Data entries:
• • • • • • •
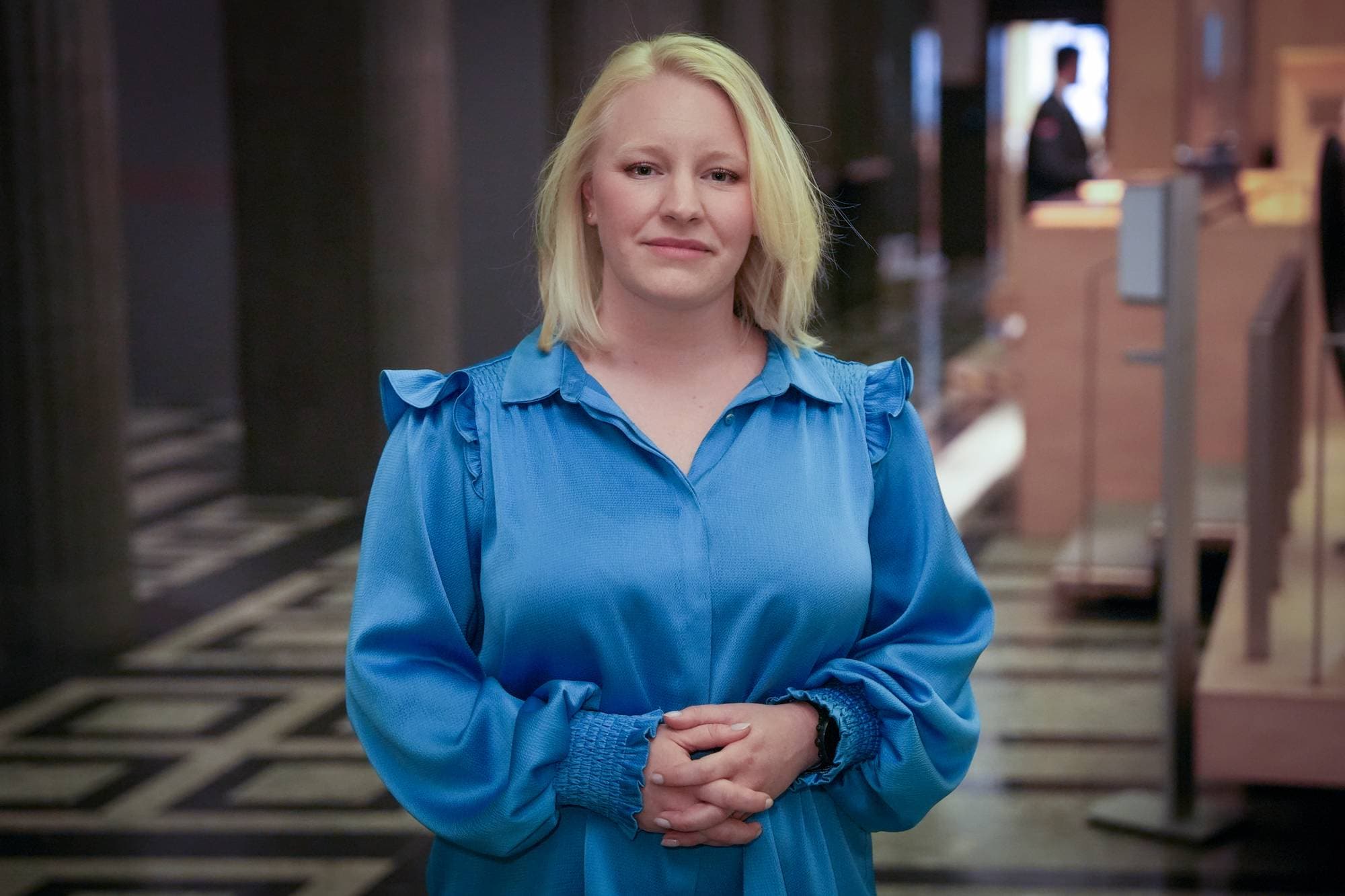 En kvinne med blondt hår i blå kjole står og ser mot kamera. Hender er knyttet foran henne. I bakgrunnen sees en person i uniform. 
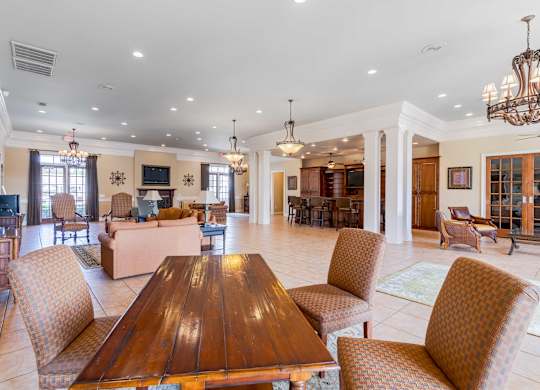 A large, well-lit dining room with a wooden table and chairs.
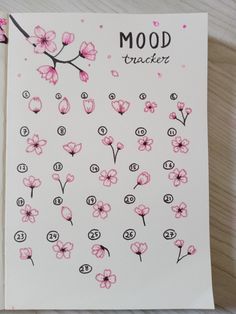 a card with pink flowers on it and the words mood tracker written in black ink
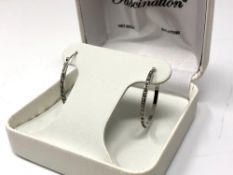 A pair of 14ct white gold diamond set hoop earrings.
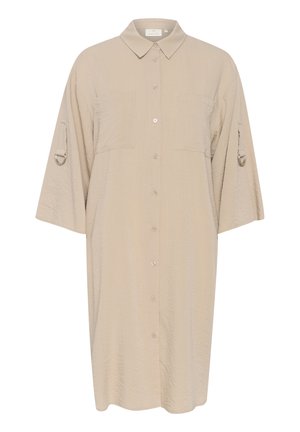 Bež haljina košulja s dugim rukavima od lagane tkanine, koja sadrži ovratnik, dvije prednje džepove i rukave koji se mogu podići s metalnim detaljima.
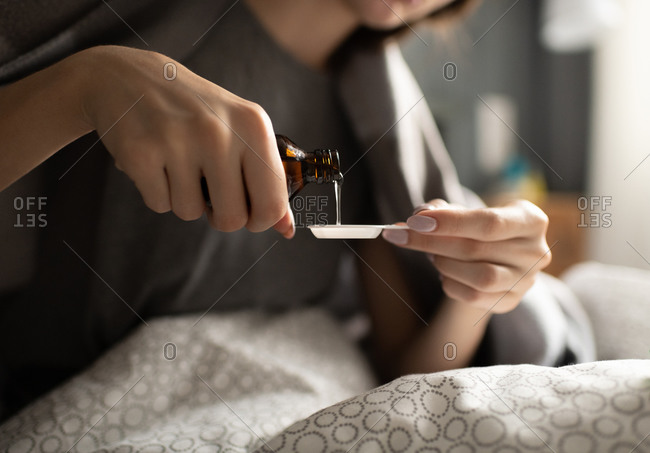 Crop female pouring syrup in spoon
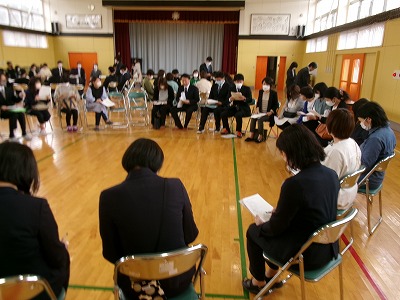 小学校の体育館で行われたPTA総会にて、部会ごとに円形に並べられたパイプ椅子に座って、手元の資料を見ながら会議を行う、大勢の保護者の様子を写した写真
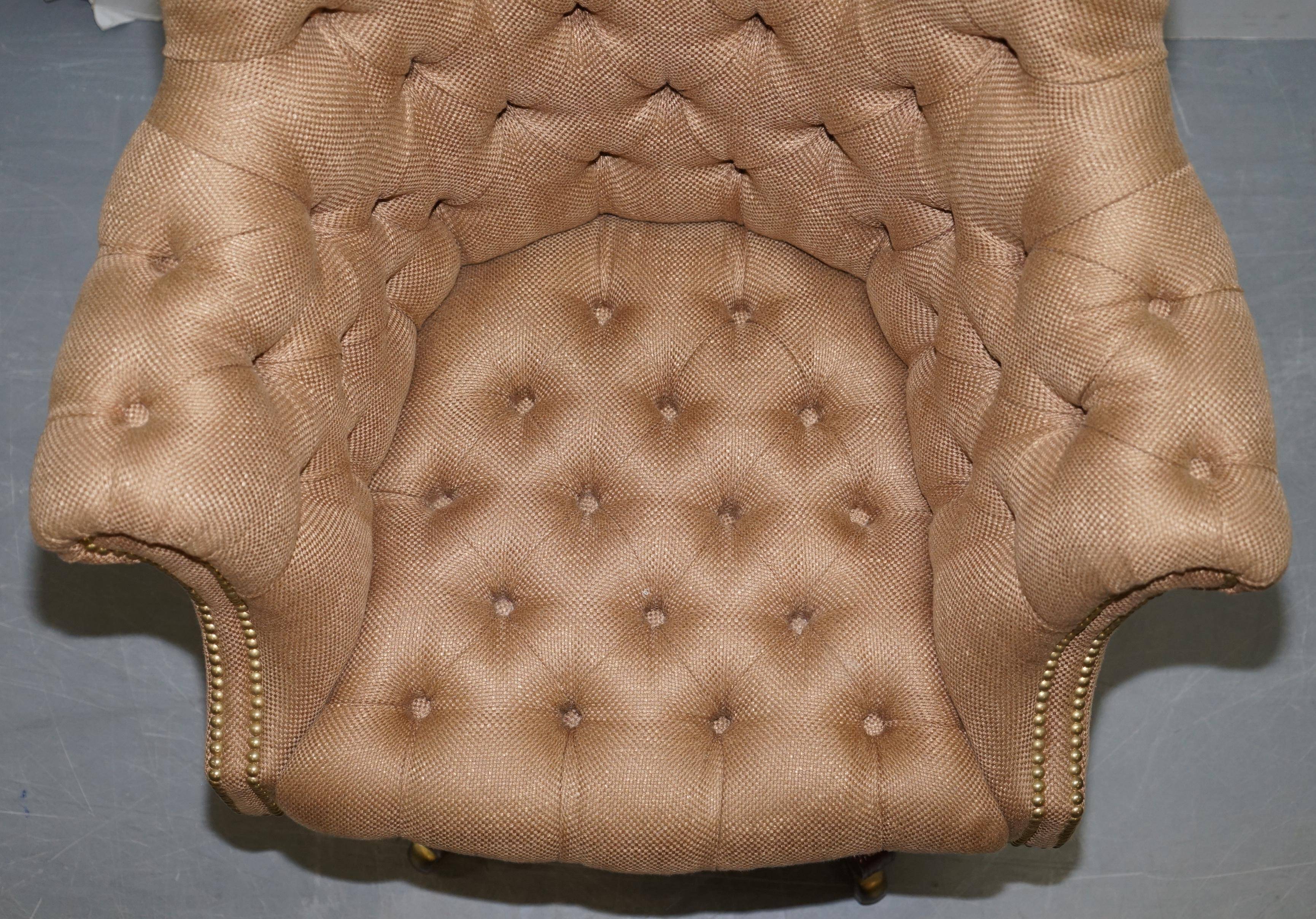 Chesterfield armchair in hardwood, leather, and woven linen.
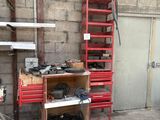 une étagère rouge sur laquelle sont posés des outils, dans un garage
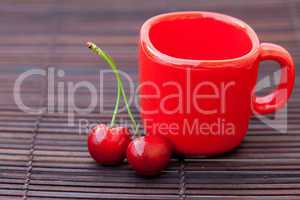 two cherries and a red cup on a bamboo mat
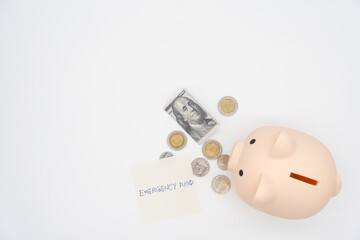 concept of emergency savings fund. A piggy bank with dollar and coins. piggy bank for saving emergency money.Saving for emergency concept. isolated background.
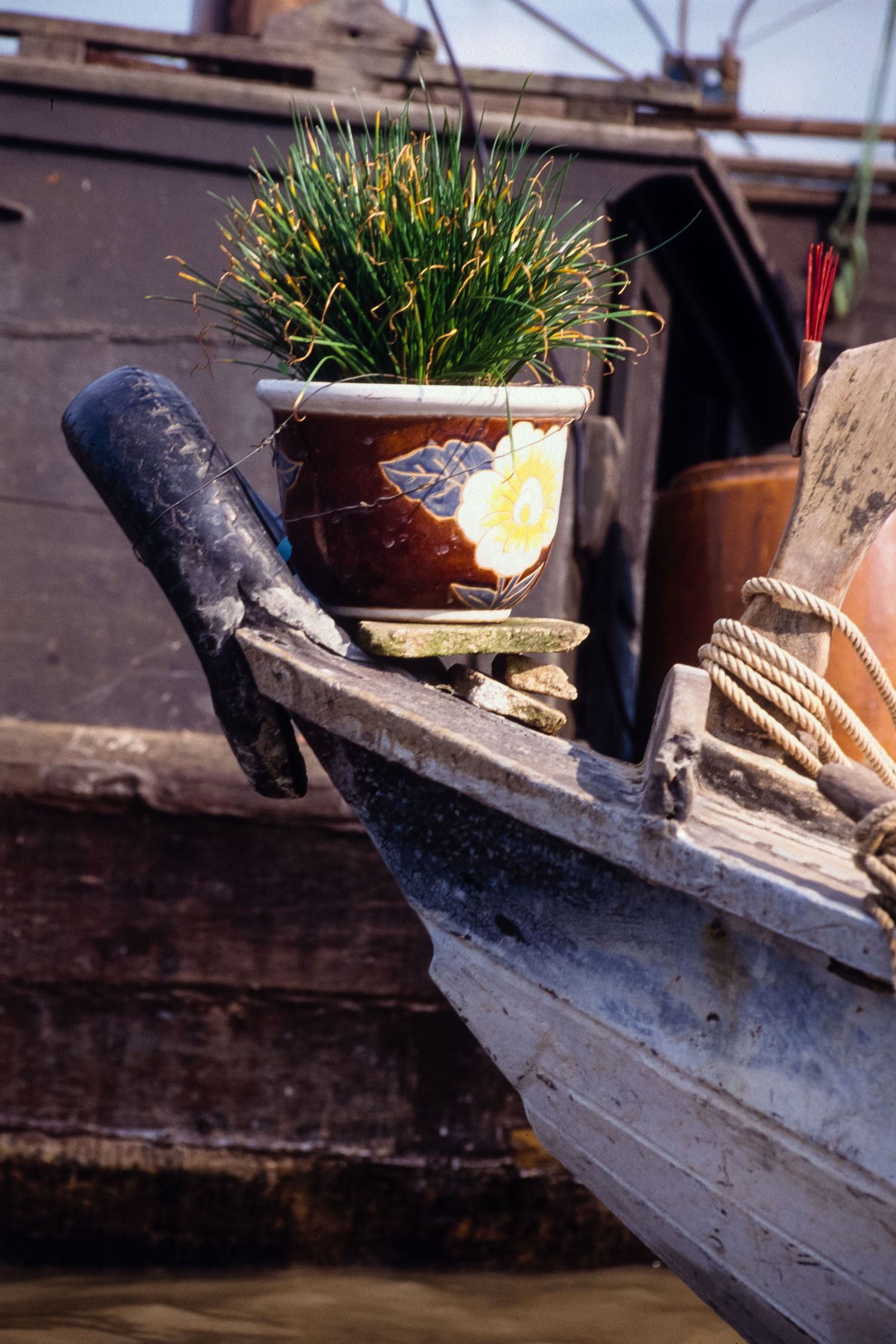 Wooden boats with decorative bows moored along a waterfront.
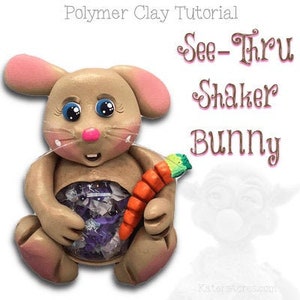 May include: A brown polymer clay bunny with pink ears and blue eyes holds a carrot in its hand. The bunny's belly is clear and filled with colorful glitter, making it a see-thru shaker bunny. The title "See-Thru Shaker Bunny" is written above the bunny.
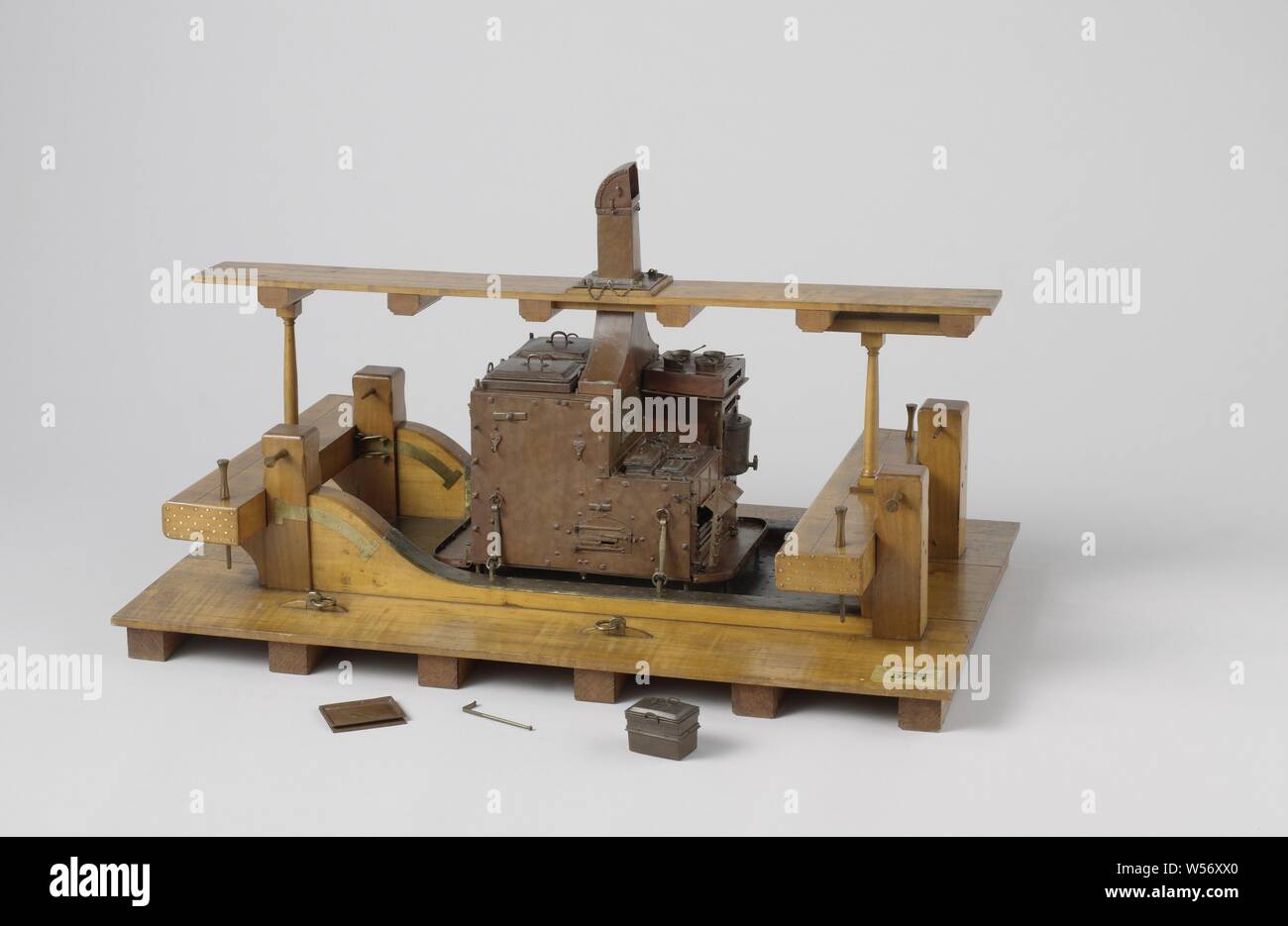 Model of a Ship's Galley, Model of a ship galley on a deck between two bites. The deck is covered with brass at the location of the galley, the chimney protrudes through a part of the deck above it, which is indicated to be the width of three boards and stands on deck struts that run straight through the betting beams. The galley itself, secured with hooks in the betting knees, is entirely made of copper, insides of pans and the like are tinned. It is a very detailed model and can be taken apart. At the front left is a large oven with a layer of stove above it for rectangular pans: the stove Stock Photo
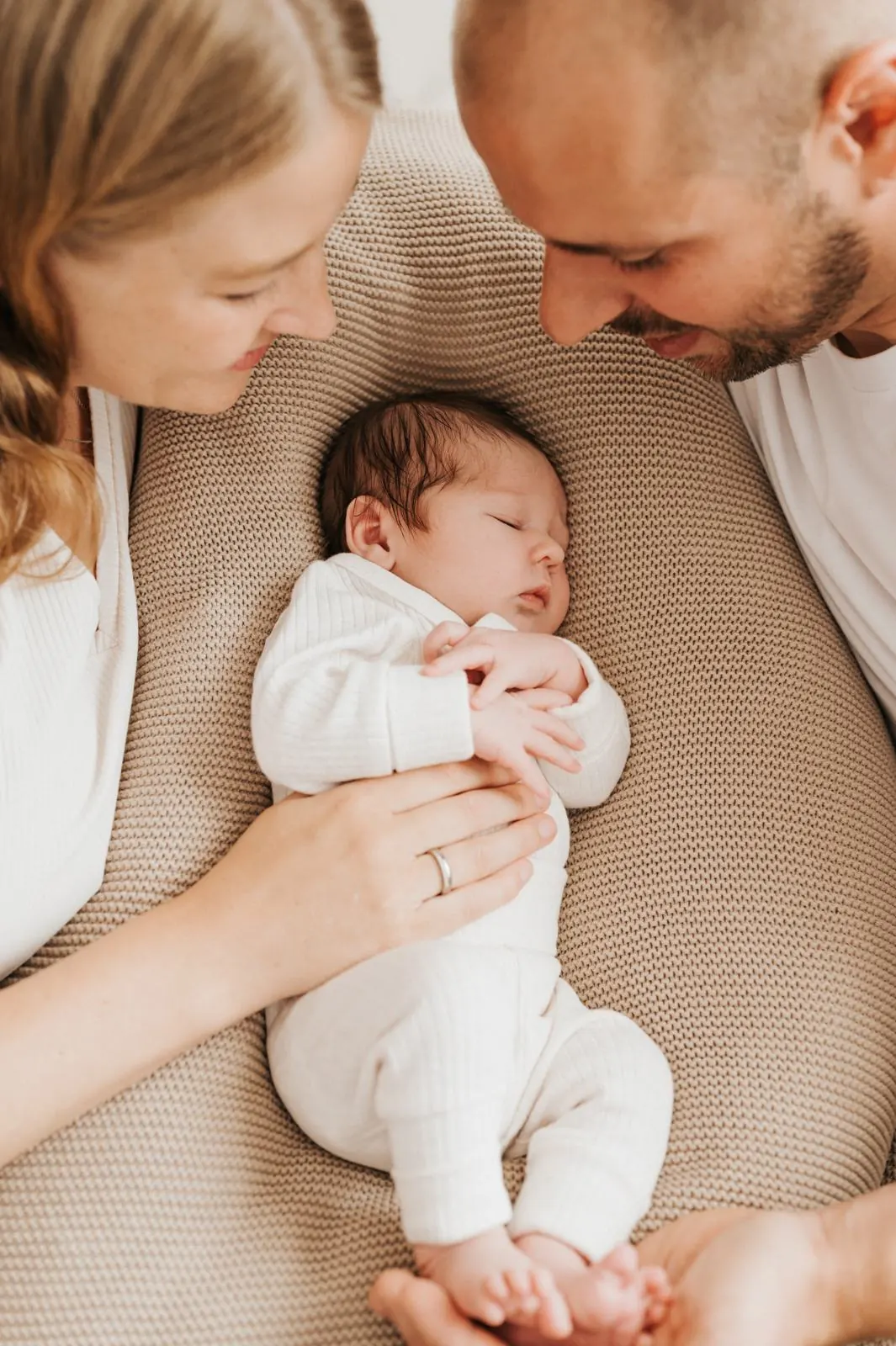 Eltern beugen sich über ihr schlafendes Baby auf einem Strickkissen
• • • • • • •
--- Exercise ---
Please output all the data exactly as given, with the pictures omitted.

--- Written solution ---
 En kvinne med blondt hår i blå kjole står og ser mot kamera. Hender er knyttet foran henne. I bakgrunnen sees en person i uniform. 
 A large, well-lit dining room with a wooden table and chairs.
 a card with pink flowers on it and the words mood tracker written in black ink
 A pair of 14ct white gold diamond set hoop earrings.
 Bež haljina košulja s dugim rukavima od lagane tkanine, koja sadrži ovratnik, dvije prednje džepove i rukave koji se mogu podići s metalnim detaljima.
 Crop female pouring syrup in spoon
 小学校の体育館で行われたPTA総会にて、部会ごとに円形に並べられたパイプ椅子に座って、手元の資料を見ながら会議を行う、大勢の保護者の様子を写した写真
 Chesterfield armchair in hardwood, leather, and woven linen.
 une étagère rouge sur laquelle sont posés des outils, dans un garage
 two cherries and a red cup on a bamboo mat
 concept of emergency savings fund. A piggy bank with dollar and coins. piggy bank for saving emergency money.Saving for emergency concept. isolated background.
 Wooden boats with decorative bows moored along a waterfront.
 May include: A brown polymer clay bunny with pink ears and blue eyes holds a carrot in its hand. The bunny's belly is clear and filled with colorful glitter, making it a see-thru shaker bunny. The title "See-Thru Shaker Bunny" is written above the bunny.
 Model of a Ship's Galley, Model of a ship galley on a deck between two bites. The deck is covered with brass at the location of the galley, the chimney protrudes through a part of the deck above it, which is indicated to be the width of three boards and stands on deck struts that run straight through the betting beams. The galley itself, secured with hooks in the betting knees, is entirely made of copper, insides of pans and the like are tinned. It is a very detailed model and can be taken apart. At the front left is a large oven with a layer of stove above it for rectangular pans: the stove Stock Photo
 Eltern beugen sich über ihr schlafendes Baby auf einem Strickkissen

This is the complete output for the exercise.